Task details
Could you retype the records word for word but without any pictures?

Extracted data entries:
------------------------------------------------------------

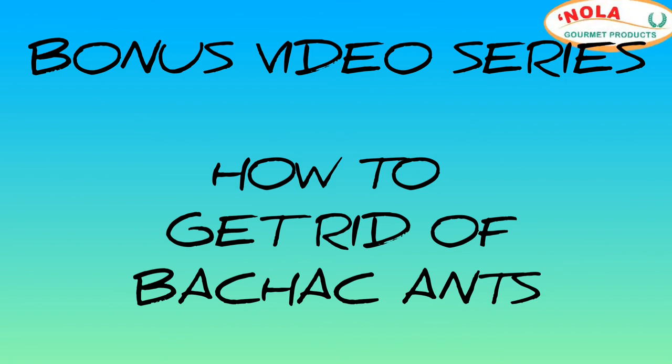Welcome everyone. In today's video I'll be sharing how to get rid of Bachac Ants.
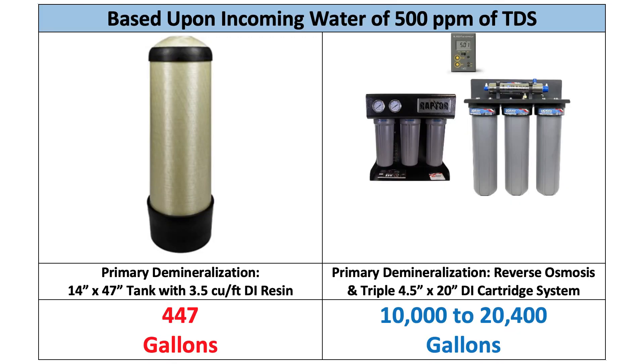Do the math — this is an astronomical savings. Looking at the chart, you can see it's going to deliver from 10,000 gallons up to 20,400 gallons. That's a huge savings: a cost of 1 to 3 cents a gallon versus 78 cents a gallon.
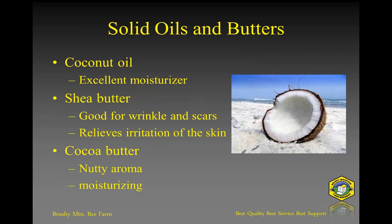The other ingredients include solid oils and butters. We've got coconut oil, which is a solid at room temperature and is an excellent moisturizer, very good for the skin. We've got shea butter, which is also a solid with a consistency similar to butter, as the name implies. It's great for wrinkles and scars, excellent for relieving irritation of the skin, and fantastic for psoriasis or eczema.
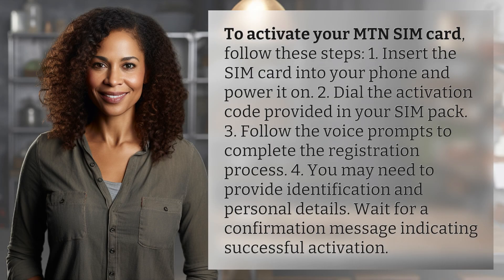To activate your Mountain SIM card, follow these steps. First, insert the SIM card into your phone and power it on. Second, dial the activation code provided in your SIM pack. Third, follow the voice prompts to complete the registration process.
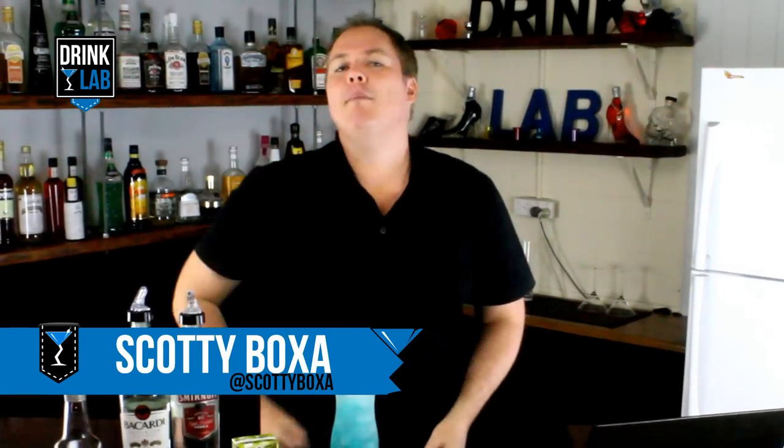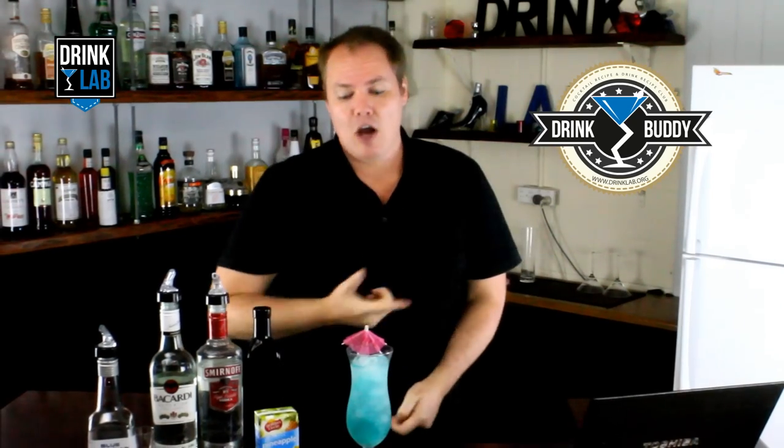Welcome back, Scotty Boxer here for drinklab.org, your home of cocktail recipes. Have you signed up to become my drink buddy yet? Well, you are missing out. But in the meantime, this here is the Blue Hawaii, originally invented in Hawaii in 1957 by Harry Yee — not to be confused with the Blue Hawaiian.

------------------------------------------------------------

Problem solution
Welcome everyone. In today's video I'll be sharing how to get rid of Bachac Ants.
Do the math — this is an astronomical savings. Looking at the chart, you can see it's going to deliver from 10,000 gallons up to 20,400 gallons. That's a huge savings: a cost of 1 to 3 cents a gallon versus 78 cents a gallon.
The other ingredients include solid oils and butters. We've got coconut oil, which is a solid at room temperature and is an excellent moisturizer, very good for the skin. We've got shea butter, which is also a solid with a consistency similar to butter, as the name implies. It's great for wrinkles and scars, excellent for relieving irritation of the skin, and fantastic for psoriasis or eczema.
To activate your Mountain SIM card, follow these steps. First, insert the SIM card into your phone and power it on. Second, dial the activation code provided in your SIM pack. Third, follow the voice prompts to complete the registration process.
Welcome back, Scotty Boxer here for drinklab.org, your home of cocktail recipes. Have you signed up to become my drink buddy yet? Well, you are missing out. But in the meantime, this here is the Blue Hawaii, originally invented in Hawaii in 1957 by Harry Yee — not to be confused with the Blue Hawaiian.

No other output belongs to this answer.